DetectChanges can be set to false inside the configuration of the DbContext.

public class YourContext : DbContext
{
    public YourContext(): base("DefaultConnection")
    {
        this.Configuration.AutoDetectChangesEnabled = false;
    }
}

or can be turned off for the context life cycle:

using (var context = new YourContext())
{
    context.Configuration.AutoDetectChangesEnabled = false;
}

This will increase the overall performance of Entity Framework because it will not execute the verification of changes of the entities inside the DbContext and the database.
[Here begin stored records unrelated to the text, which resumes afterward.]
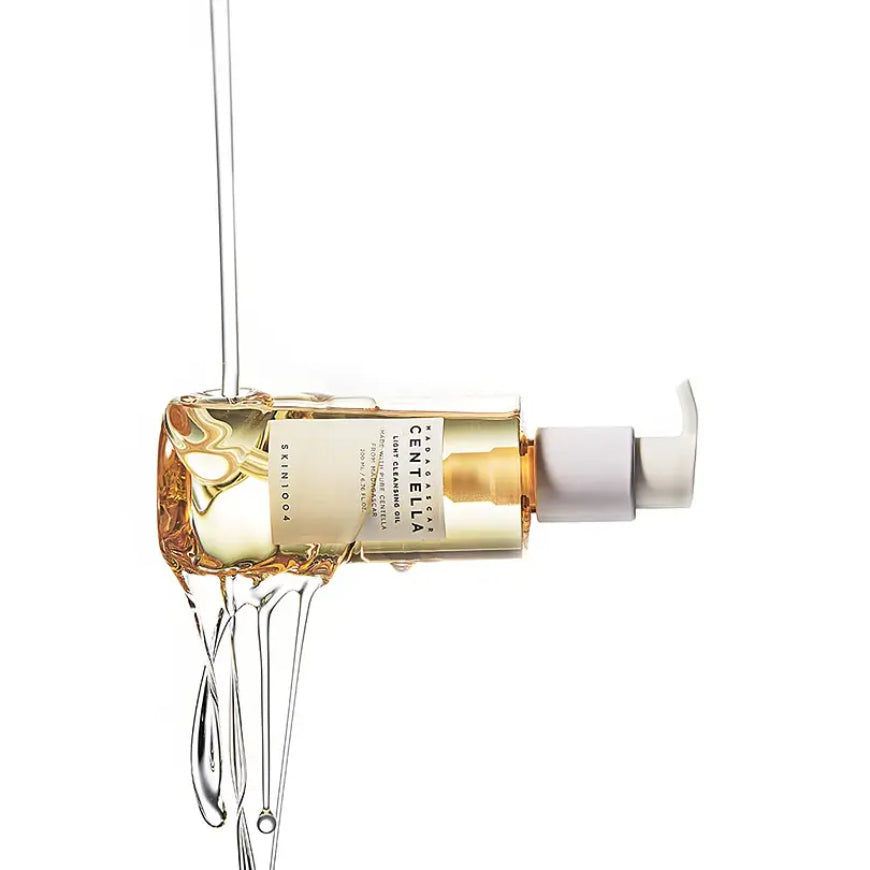 Madagascar Centella Light Cleansing Oil 3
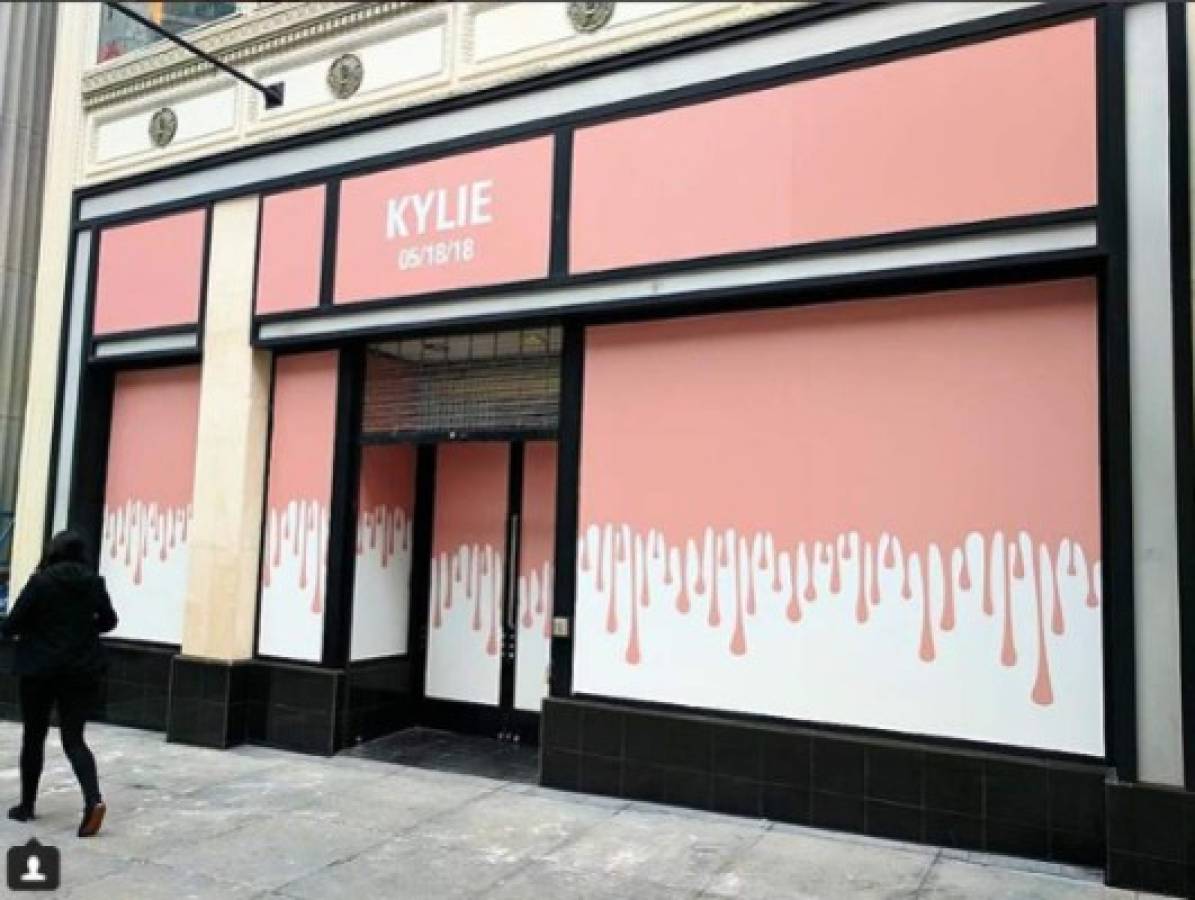 Kylie Jenner anuncia apertura de nueva tienda de cosméticos en San Francisco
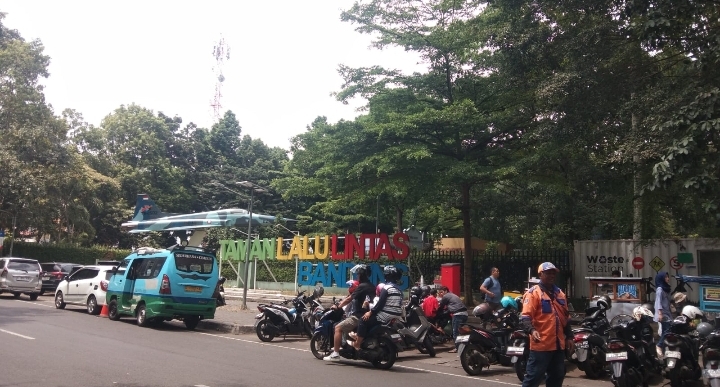 Libur Sekolah Akan Usai, Taman Lalu Lintas Bandung Ramai, Toko Seragam Sepi Pembeli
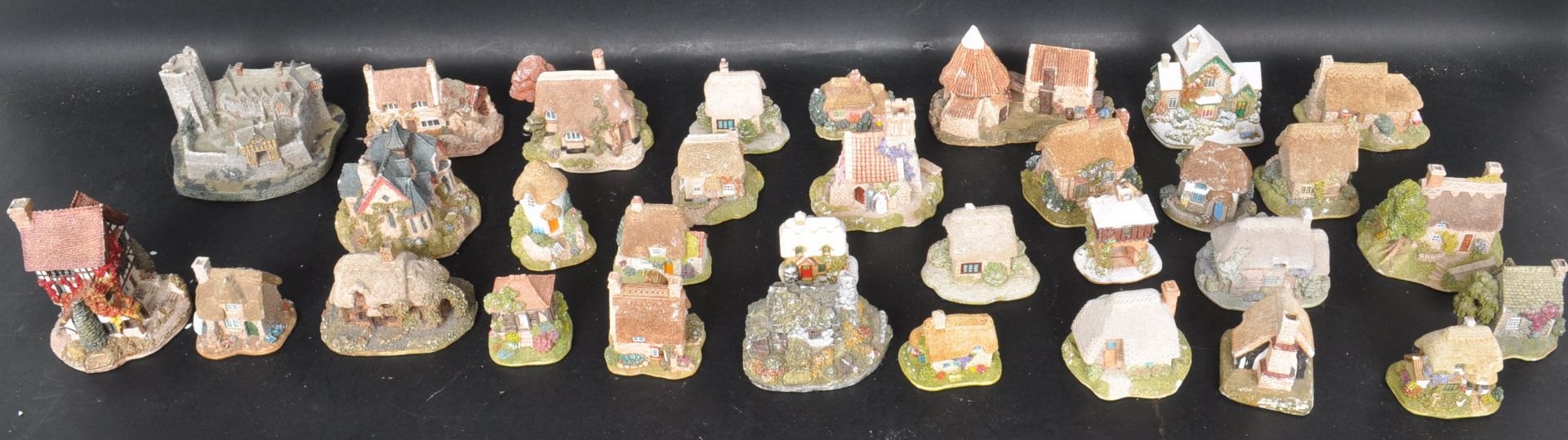 LARGE COLLECTION OF VINTAGE 20TH CENTURY LILLIPUT LANE - Image 5 of 7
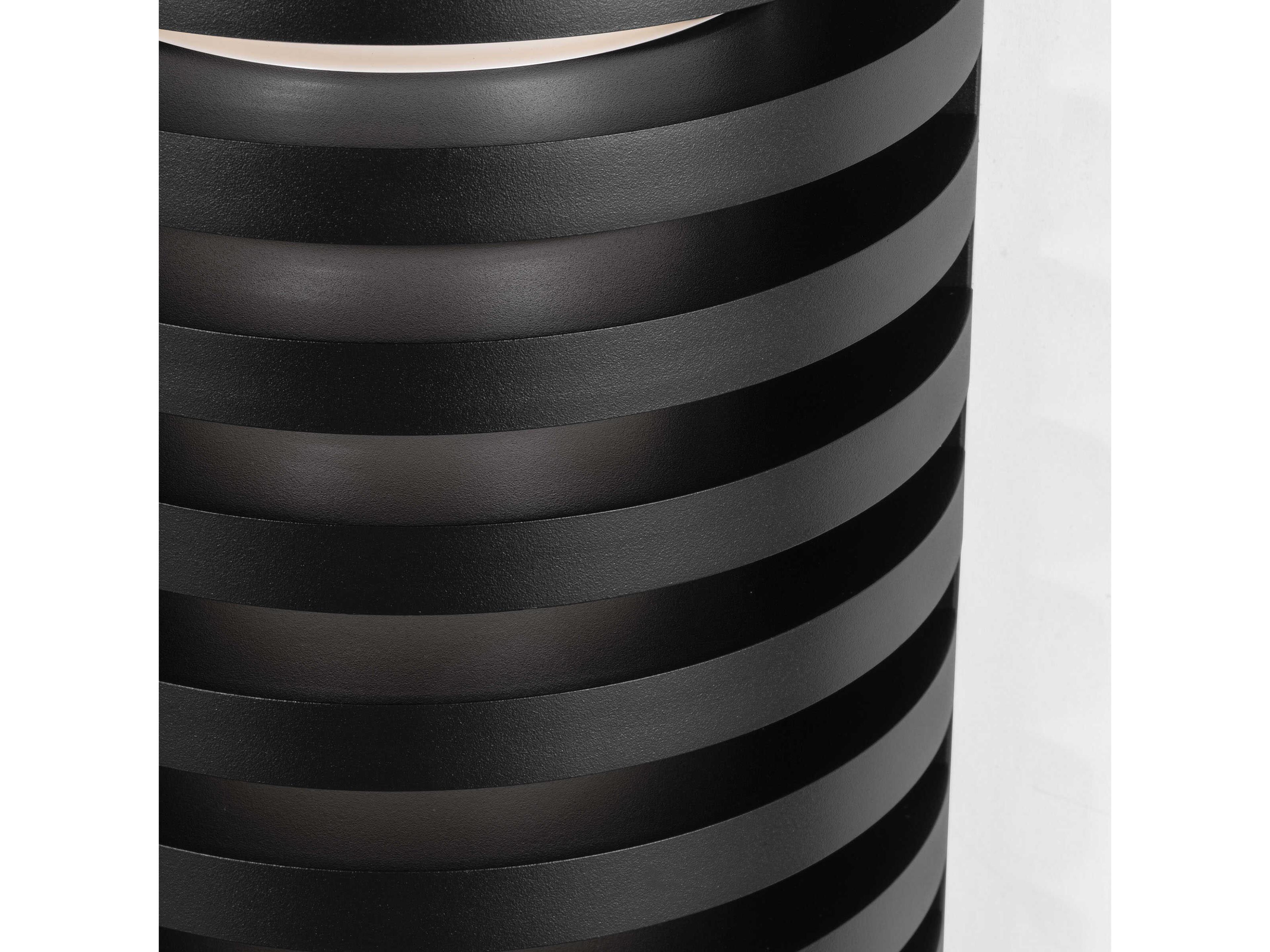 Visual Comfort Modern Quoddy 1-Light Outdoor Wall Light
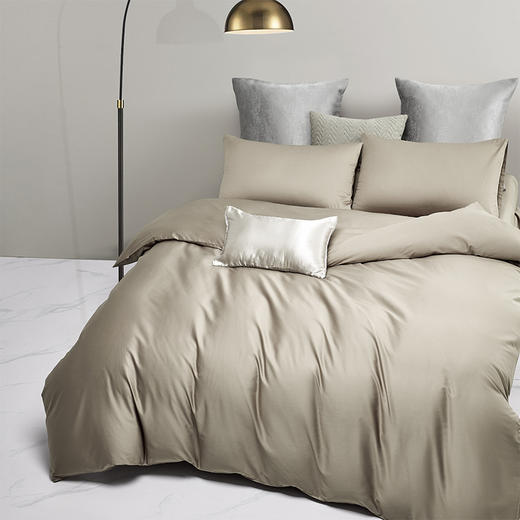 【自营】 罗莱家纺 60s全棉贡缎四件套 梦语星河 200*230cm/220*240cm 商品图1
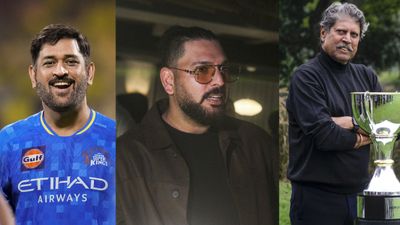 తండ్రి చేసిన పాపం.. కపిల్ దేవ్, ఎంఎస్ ధోనీకి సారీ చెప్పిన యువీ!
Disabling the auto detection of changes come with the cost that if you do not call it manually that you will not have the good result.

In the case that the AutoDetectChangesEnabled is kept to true, or set to true again, than you can be sure that a verification is done when:

  • DbSet.Add
  • DbSet.Find
  • DbSet.Remove
  • DbSet.Local
  • DbSet.Attach
  • DbContext.SaveChanges
  • DbContext.GetValidationErrors
  • DbContext.Entry
  • Any Linq query on DbSet

If you are doing few queries or that you add several new entities you may want to detect change only after all commands instead of letting Entity Framework detecting change on every command.

To tell Entity Framework to detect changes, you must use the DbContext and call the ChangeTracker property that has the DetectChanges method.

The followed example will not update the user.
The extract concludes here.